Était-ce pour cette raison que le QG avait tenté de lui piquer la majeure partie de sa force auxiliaire ? Ou bien ces nouveaux vaisseaux n’étaient-ils destinés qu’à la défense de l’Alliance et non à des opérations offensives hors de son espace, où l’on aurait besoin des auxiliaires ?

Pourquoi lui avait-on caché ces chantiers ? Pourquoi le Grand Conseil et le QG lui avaient-ils affirmé qu’on avait cessé de construire de nouveaux vaisseaux ? Et qu’en était-il de ces « modifications importantes » des coques ? Devaient-elles bénéficier d’une plus longue durée de vie ? Ce qui signifierait que quelqu’un s’était rendu compte de ce qu’il adviendrait nécessairement des vaisseaux de sa propre flotte, dont la coque, elle, n’avait qu’une espérance de vie limitée.

Jamenson l’observait avec inquiétude, en se mordillant les lèvres.

Geary finit par la regarder en hochant gravement la tête. « Merci, lieutenant. C’est une information vitale, et nous ne la devons qu’à votre capacité à reconstituer ce puzzle. Autre chose ?

— Non, amiral. Je n’ai rien à ajouter pour l’instant.

— Mais, quand vous dites qu’on est en train de construire vingt-quatre gros vaisseaux et des escorteurs en nombre suffisant, vous en avez la certitude ?

— Oui, amiral. Je peux vous décortiquer toutes les preuves, amiral.

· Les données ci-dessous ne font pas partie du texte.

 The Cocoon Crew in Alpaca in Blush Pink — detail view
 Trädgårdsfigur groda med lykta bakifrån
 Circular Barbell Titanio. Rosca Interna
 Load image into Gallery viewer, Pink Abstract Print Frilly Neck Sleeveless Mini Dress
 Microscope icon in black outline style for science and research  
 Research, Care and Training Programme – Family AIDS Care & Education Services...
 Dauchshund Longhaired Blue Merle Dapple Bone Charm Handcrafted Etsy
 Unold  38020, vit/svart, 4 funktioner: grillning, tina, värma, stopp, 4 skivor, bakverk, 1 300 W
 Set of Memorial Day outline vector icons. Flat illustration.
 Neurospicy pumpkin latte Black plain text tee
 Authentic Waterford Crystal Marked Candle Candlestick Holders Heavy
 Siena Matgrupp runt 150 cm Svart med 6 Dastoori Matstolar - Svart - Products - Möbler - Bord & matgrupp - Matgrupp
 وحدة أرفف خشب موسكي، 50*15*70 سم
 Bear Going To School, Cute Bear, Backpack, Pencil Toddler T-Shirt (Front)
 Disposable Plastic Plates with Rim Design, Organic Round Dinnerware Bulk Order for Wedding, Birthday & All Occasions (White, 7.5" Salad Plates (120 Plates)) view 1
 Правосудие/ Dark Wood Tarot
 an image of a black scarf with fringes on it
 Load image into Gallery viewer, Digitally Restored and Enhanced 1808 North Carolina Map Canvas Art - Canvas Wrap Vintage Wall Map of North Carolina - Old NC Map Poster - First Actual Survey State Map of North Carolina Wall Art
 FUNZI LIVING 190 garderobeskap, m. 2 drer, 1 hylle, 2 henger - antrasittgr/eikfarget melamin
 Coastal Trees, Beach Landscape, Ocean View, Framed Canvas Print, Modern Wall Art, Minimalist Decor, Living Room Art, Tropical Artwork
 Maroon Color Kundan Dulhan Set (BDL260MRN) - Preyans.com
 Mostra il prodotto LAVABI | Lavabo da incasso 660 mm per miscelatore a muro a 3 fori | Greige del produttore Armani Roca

— Contentez-vous de me les laisser. » Geary marqua une pause. « Remerciez le capitaine Smyth, je vous prie, de sa prévoyance. Il a fort bien fait de me mettre au courant. Certaines indications donnent-elles à penser que les bureaucrates de l’Alliance ont découvert ce que nous faisions pour remettre la flotte à niveau ?

— Non, amiral. Je regrette. Avant notre départ, nous n’avions encore vu par aucun signe qu’ils avaient saisi. Je travaille vraiment dur à tout embrouiller.